I disbelieve in the "indoctrination of children" and the "operant conditioning" pseudoscience promoted by the behaviorist school of psychology. In fact, I oppose punishment more than even the most radical detractors of corporal punishment. I differ from them because I do not only oppose corporal punishment, but I oppose all types of punishment inflicted on children (unless the child psychopathically committed a crime). I view punishment as an irrational act, and it suffers from agent-principle problems. Children can easily avoid being punished from their parents, just like how some drug dealers can avoid being kidnapped by the state.

I do not hold a Freudian view, as in Stephan Molyneux and Danny Shadar, that childhood experiences primarily determine the behaviors in adult life.

2 comments:

Brainpolice said...

Left libertarians did not invent those terms as pure propaganda. At best, you could say that for the thin/thick distinction, which Charles Johnson came up with, but it isn't propaganda, it is a valid distinction between treating libertarianism as something compatible with any set of values and treating it as axoimatic (Walter Block is the greatest example of this) vs. treating it as a more comprehensive bundle of values and as part of a bundle of values.

Left libertarians did not even exclusively invent those terms. It would be ridiculous for you to deny that there have been self-proclaimed right-libertarians and conservative-libertarians in America for decades. It is likewise absurd to deny the existance of libertarian conservative fusionism - which has been the NORM of the libertarian movement in america for decades. The problem with plumb-line libertarians is that they pretend to be neutral when they aren't, most of them fall back on distinctly conservative positions.

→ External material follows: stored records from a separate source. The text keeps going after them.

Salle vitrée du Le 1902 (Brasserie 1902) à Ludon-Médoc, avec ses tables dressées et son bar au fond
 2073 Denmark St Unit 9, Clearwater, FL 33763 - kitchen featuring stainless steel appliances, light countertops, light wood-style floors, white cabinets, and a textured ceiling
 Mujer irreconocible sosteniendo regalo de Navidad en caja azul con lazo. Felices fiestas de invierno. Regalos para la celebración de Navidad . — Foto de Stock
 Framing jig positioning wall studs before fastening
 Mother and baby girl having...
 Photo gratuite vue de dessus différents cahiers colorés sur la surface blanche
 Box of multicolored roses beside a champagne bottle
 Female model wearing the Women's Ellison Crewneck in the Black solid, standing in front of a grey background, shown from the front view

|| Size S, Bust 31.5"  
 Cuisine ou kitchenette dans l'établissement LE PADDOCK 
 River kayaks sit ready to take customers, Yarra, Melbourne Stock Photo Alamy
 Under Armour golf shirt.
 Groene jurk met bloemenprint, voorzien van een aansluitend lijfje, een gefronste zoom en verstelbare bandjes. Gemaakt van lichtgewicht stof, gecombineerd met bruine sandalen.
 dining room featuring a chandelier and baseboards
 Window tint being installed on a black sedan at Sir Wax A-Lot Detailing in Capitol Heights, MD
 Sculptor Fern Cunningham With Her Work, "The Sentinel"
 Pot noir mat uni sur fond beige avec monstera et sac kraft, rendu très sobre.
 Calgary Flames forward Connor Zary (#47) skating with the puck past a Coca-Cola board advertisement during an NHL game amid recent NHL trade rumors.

anarcho-mercantilist said...

"At best, you could say that for the thin/thick distinction, which Charles Johnson came up with, but it isn't propaganda, it is a valid distinction between treating libertarianism as something compatible with any set of values and treating it as axoimatic"

Actually, I would have identified myself as a "thick libertarian" if the term hasn't been contaminated by the "left"-libertarians. But the term "thick libertarian" have a strong connotational association with the "left"-libertarian ideology, as a whole. The term "thick" libertarian refers just about exclusively to "left"-libertarians, that its denotation, if used more often, "thick" libertarianism might actually mean synonymous to "left"-libertarianism.

Socialism used to refer to a diverse ideology, from free market proponents to Marxists. But because socialism changed its denotation to refer to Marxism exclusively, socialism actually denotes Marxism.

The term "thick" libertarian became increasingly associated with "left"-libertarian, just like the term "socialism" became increasingly associated with Marxism. In order to ignore the "left"-libertarian association with "thick" libertarian, I must abandon the term "thick" libertarianism.

Therefore, I would abandon the thick/thin distinction and invent a new "broad/narrow" distinction, that has no connotations to "left"-libertarianism.

"The problem with plumb-line libertarians is that they pretend to be neutral when they aren't, most of them fall back on distinctly conservative positions."

Even that I reject the political spectrum, I can still identify myself as a "non-political anarcho-capitalist," "voluntaryist," "radical revolutionary anarcho-capitalist," or "agorist." The terms are neither left nor right, does not have any Fusionist implications.